Is it the screaming girls, the unfettered power, the great music you do on outdoor gigs, the constant praise and flattery, the almost unlimited vacation time, the glamorous air travel, the way “normal” people look at you when you tell them what you do for a living, or the fact that your “instrument” is a 14” long stick of wood that costs about ten bucks instead of hundreds of thousands?
Well, as the wise man said in Spinal Tap “it’s sex, drugs and rock ‘n’ roll, but if I had enough sex and drugs, I could probably do without the rock ‘n’ roll.”
Actually, the real best thing about being a conductor is getting little presents on stage at the ends of concerts. To be honest, after all these years, I’m still not sure why we get them sometimes and sometimes not. Walter Weller didn’t get anything from BBC NOW at his concert on Friday, but the soloist, Steven Isserlis, did. On the other hand, the conductor the week before did get a bottle. Music directors almost never get them, but guest conductors usually do.

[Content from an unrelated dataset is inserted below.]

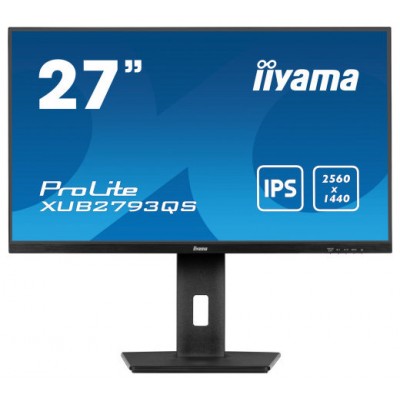 iiyama ProLite XU2793QS-B6 pantalla para PC 68,6 cm (27") 2560 x 1440 Pixeles 2K Ultra HD LED Negro (Espera 4 dias) en Huesoi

I tend to prefer a bottle to flowers, not because I’m a guy and don’t like flowers, but because in all likelihood I’m going to be on a plane less than twelve hours after the concert, and won’t get to enjoy the flowers for long and it seems a waste of money. For men (and perhaps this is sore point with women), the bottle has become the gift of choice these days. I’m not picky- it’s just nice when people think of you. Red wine, champagne, white are all good choices, although Rosé is maybe a bit girly for me. If you really liked working with me, a nice single malt scotch is always a treat. I’ve never been given any kind of beer- a fancy bottle of a Belgian beer is not a bad idea. I’m kind of surprised nobody’s ever given me coffee beans, but I have occasionally gotten interesting little local doodads, which I always love. The funniest one I ever got was a bottle of “wine” that I had just seen at the supermarket that afternoon on sale for two pounds (for my American readers, the cheapest bottle of wine in Britain is at least three pounds). I guess they loved the Shostakovich!
One piece of advice- I know the six year old is cute, but if they’re going to take ten minutes of encouraging them to take those flowers out onstage while the audience keeps clapping feebly, better leave it to a grown up.
Of course the best present is always a return invitation….
Seriously, it’s the screaming girls.